You Don’t Get Apologia Like You Used To

“The best dialogue in Plato at the Googleplex: Why Philosophy Won’t Go Away is the titular first one, which, like Plato’s own writings is being related after the fact, for the benefit of a new audience. Cheryl, Plato’s media escort for his speaking engagement at Google, is explaining her challenging afternoon to a friend over drinks. As she reenacts the dialogue, Cheryl is still unsettled by the questions that Plato and his interlocutors raised, and has managed to get a little of that uncertainty to blossom in her friend.

Cheryl finds herself unsettled by philosophy. Not knowing how to make the correct moral choice is a different kind of ignorance than not knowing how to write computer code. Cheryl finds she can live comfortably with the latter, but not the former. It is of little use to tell Cheryl that she’s merely participating in philosophy, which is still only an instrumental good.
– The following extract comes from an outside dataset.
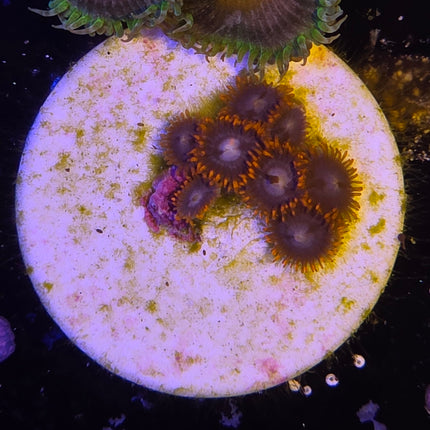 Lava Burst Zoanthids (6 heads)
Even worse to tell Cheryl that she’s a partner in the process of inquiry, since her questions helped Plato clarify his thought (he picks up some turns of phrase from her to use in subsequent dialogues). She needs personal, immediate knowledge of Agathon—the form of the good—in order to live out the parts of her life that make her most human.

But Goldstein never gets around to introducing her characters to Augustine, who might have recognized Cheryl’s longing. In fact, although Goldstein mentions in the her introduction that she wanted to give Plato a chance to learn from and recognize the value of modern thought, most of Plato’s interlocutors exist more to draw Plato out than to offer anything of value in return.”